**Assignment**
Exactly the lines from the one containing "Hi friends! So" through the one containing "Hi, I'm Karen" in the listing below are to be copied, with the pictures left out.
[Dataset records — start]
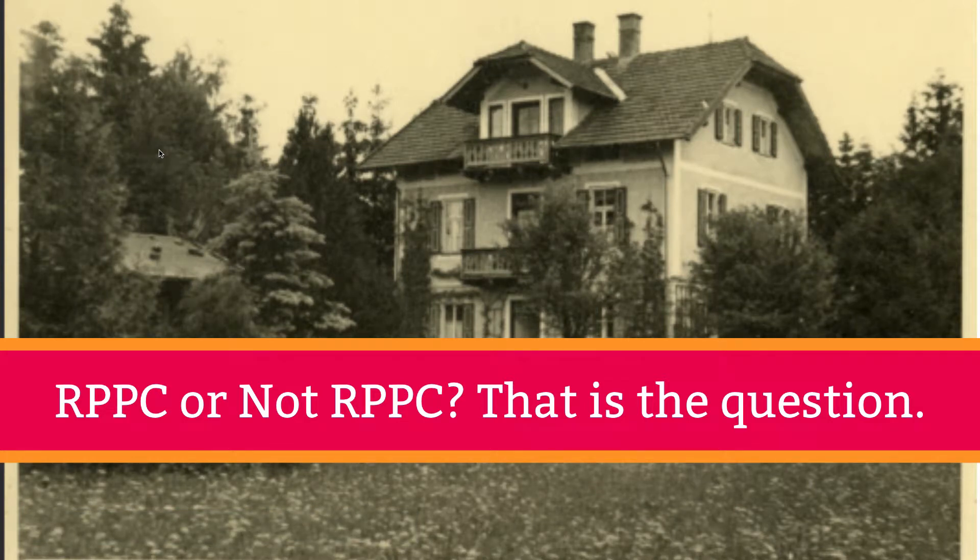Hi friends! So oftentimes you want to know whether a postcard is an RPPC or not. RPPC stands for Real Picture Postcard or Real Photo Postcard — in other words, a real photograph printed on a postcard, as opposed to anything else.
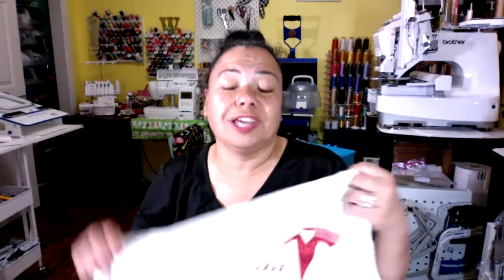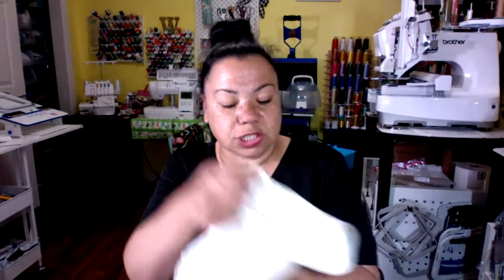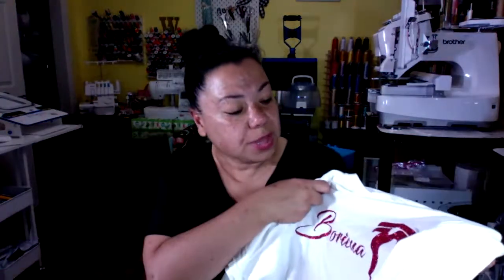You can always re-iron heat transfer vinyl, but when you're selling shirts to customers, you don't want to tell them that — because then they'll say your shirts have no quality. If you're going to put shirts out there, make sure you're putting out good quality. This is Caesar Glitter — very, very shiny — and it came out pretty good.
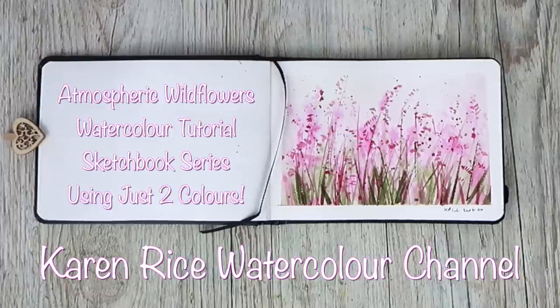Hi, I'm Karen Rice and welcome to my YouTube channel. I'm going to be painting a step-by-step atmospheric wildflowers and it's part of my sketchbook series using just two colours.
[Dataset records — finish]
[Dataset records — start]
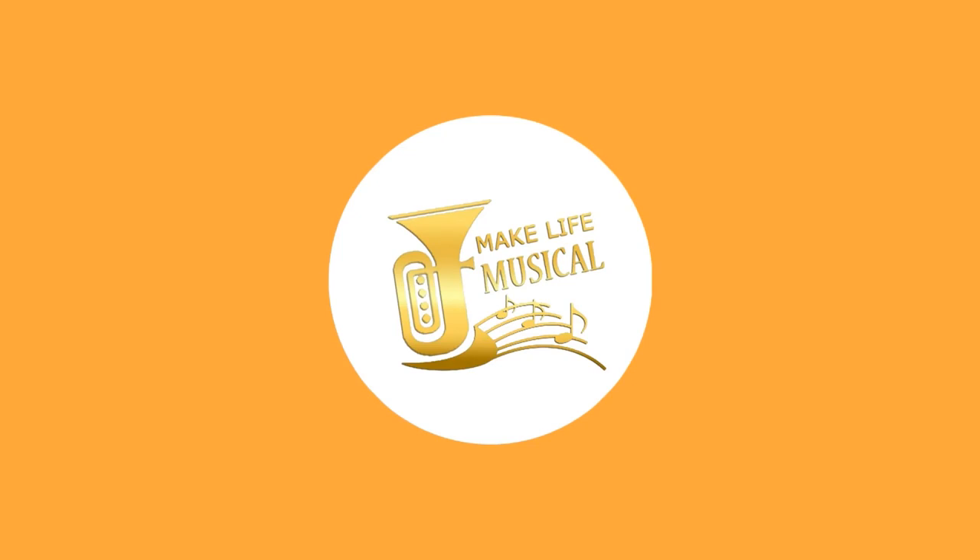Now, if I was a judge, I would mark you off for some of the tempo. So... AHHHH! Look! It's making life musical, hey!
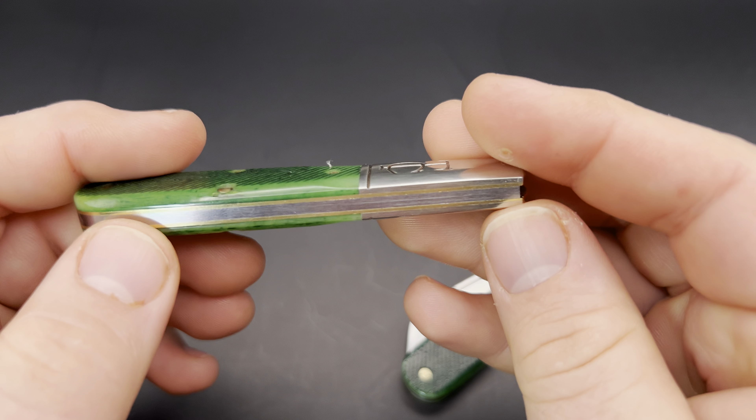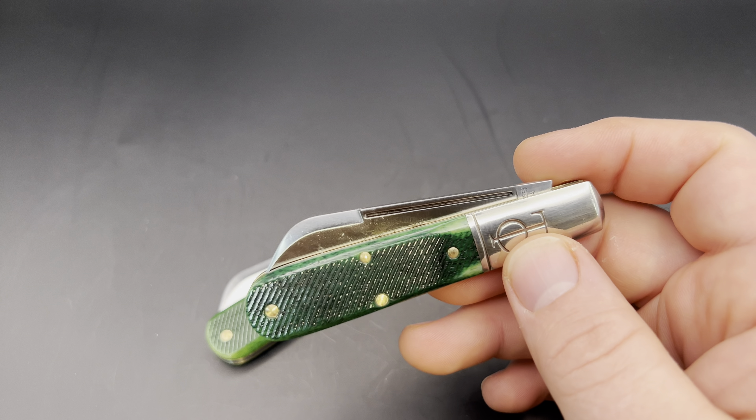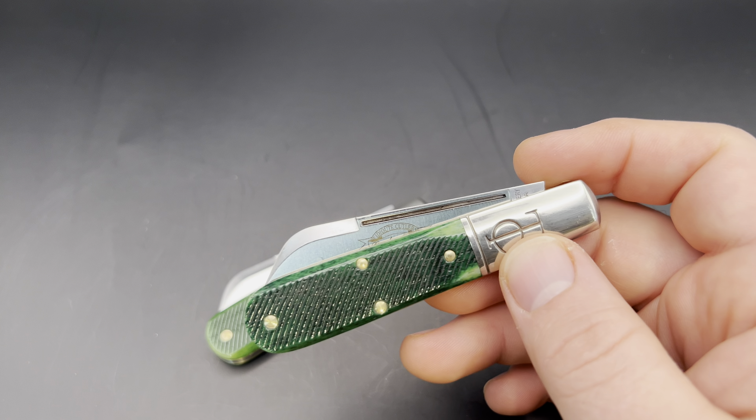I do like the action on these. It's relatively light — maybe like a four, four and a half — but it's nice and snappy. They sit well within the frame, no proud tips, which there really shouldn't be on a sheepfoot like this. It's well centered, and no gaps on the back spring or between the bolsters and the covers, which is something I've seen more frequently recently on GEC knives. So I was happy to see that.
[Dataset records — finish]
**Finished task**
Hi friends! So oftentimes you want to know whether a postcard is an RPPC or not. RPPC stands for Real Picture Postcard or Real Photo Postcard — in other words, a real photograph printed on a postcard, as opposed to anything else.
You can always re-iron heat transfer vinyl, but when you're selling shirts to customers, you don't want to tell them that — because then they'll say your shirts have no quality. If you're going to put shirts out there, make sure you're putting out good quality. This is Caesar Glitter — very, very shiny — and it came out pretty good.
Hi, I'm Karen Rice and welcome to my YouTube channel. I'm going to be painting a step-by-step atmospheric wildflowers and it's part of my sketchbook series using just two colours.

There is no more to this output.